» **Your instructions**
Your copy of the lines below must match them exactly and contain no images.

» **Recorded information**
= = =

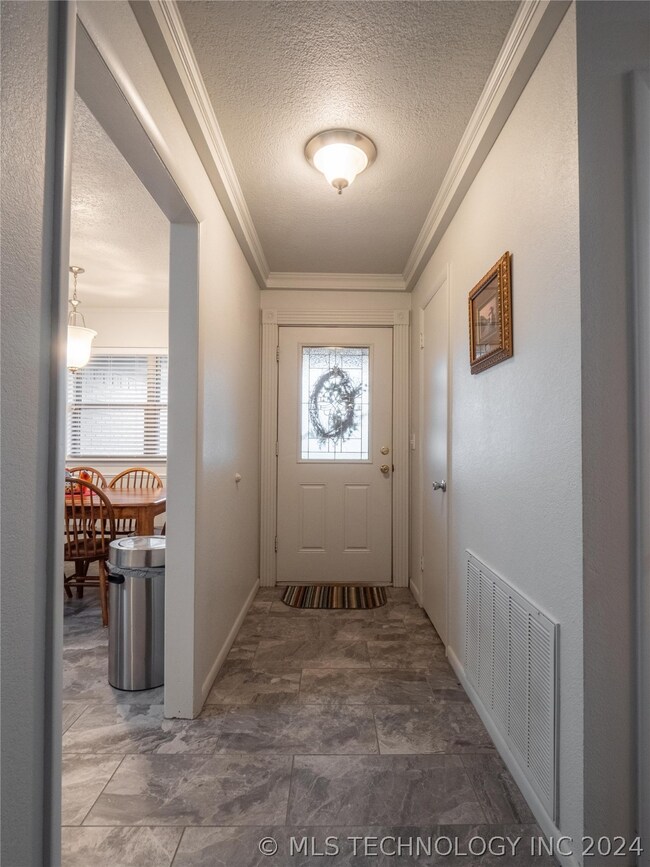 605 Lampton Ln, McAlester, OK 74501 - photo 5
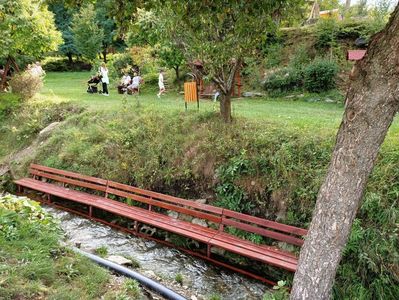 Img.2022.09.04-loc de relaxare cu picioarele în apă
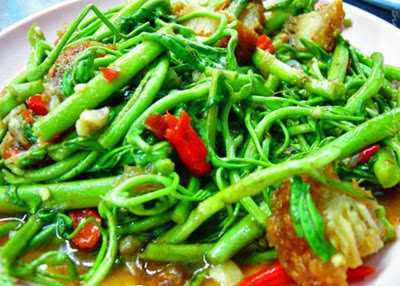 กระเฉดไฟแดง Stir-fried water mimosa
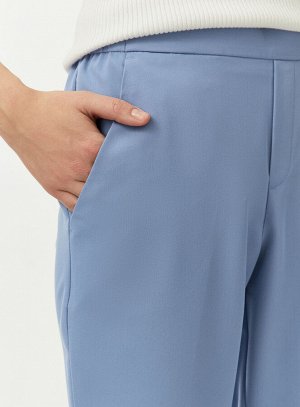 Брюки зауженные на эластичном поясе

= = =

» **Exercise response**
 605 Lampton Ln, McAlester, OK 74501 - photo 5
 Img.2022.09.04-loc de relaxare cu picioarele în apă
 กระเฉดไฟแดง Stir-fried water mimosa
 Брюки зауженные на эластичном поясе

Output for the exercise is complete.